Work order:
Which lines below hold the word "Gold"? Copy all of them.

Records provided START

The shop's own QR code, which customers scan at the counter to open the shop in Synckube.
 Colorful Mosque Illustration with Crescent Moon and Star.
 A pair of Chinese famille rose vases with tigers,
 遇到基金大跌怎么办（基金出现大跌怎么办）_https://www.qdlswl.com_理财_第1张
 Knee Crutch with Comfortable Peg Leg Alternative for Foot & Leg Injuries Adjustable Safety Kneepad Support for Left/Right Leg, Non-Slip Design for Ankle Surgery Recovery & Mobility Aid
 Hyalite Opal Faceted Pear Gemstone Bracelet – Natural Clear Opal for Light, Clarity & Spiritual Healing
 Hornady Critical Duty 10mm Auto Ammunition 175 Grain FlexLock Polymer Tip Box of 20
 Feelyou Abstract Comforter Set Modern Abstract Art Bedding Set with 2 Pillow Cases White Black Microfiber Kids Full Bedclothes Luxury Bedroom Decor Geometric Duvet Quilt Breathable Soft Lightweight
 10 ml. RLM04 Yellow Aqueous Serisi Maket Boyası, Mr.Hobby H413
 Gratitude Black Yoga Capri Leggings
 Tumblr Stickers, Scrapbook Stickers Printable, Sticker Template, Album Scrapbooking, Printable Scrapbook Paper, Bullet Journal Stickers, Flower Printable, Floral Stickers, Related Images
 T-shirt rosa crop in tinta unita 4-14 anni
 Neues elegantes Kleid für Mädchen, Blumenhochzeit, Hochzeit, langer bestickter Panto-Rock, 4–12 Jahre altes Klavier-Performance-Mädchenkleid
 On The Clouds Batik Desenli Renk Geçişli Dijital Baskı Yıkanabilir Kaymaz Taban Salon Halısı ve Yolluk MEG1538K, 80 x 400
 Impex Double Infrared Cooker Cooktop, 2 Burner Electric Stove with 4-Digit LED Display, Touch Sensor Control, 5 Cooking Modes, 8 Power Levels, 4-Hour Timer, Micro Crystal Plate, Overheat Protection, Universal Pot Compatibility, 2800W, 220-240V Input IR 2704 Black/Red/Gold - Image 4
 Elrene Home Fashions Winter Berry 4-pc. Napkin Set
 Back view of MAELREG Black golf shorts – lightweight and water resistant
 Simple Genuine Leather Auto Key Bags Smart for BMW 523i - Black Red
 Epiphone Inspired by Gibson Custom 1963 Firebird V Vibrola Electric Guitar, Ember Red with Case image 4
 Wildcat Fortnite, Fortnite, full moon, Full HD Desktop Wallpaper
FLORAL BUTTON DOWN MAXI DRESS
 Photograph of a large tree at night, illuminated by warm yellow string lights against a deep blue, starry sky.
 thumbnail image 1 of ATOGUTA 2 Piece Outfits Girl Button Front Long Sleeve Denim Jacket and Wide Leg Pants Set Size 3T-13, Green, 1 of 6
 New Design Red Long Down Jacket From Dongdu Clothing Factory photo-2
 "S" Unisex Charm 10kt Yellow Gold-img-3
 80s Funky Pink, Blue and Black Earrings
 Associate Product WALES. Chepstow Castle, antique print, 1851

Records provided END

Reply to the task:
 Impex Double Infrared Cooker Cooktop, 2 Burner Electric Stove with 4-Digit LED Display, Touch Sensor Control, 5 Cooking Modes, 8 Power Levels, 4-Hour Timer, Micro Crystal Plate, Overheat Protection, Universal Pot Compatibility, 2800W, 220-240V Input IR 2704 Black/Red/Gold - Image 4
 "S" Unisex Charm 10kt Yellow Gold-img-3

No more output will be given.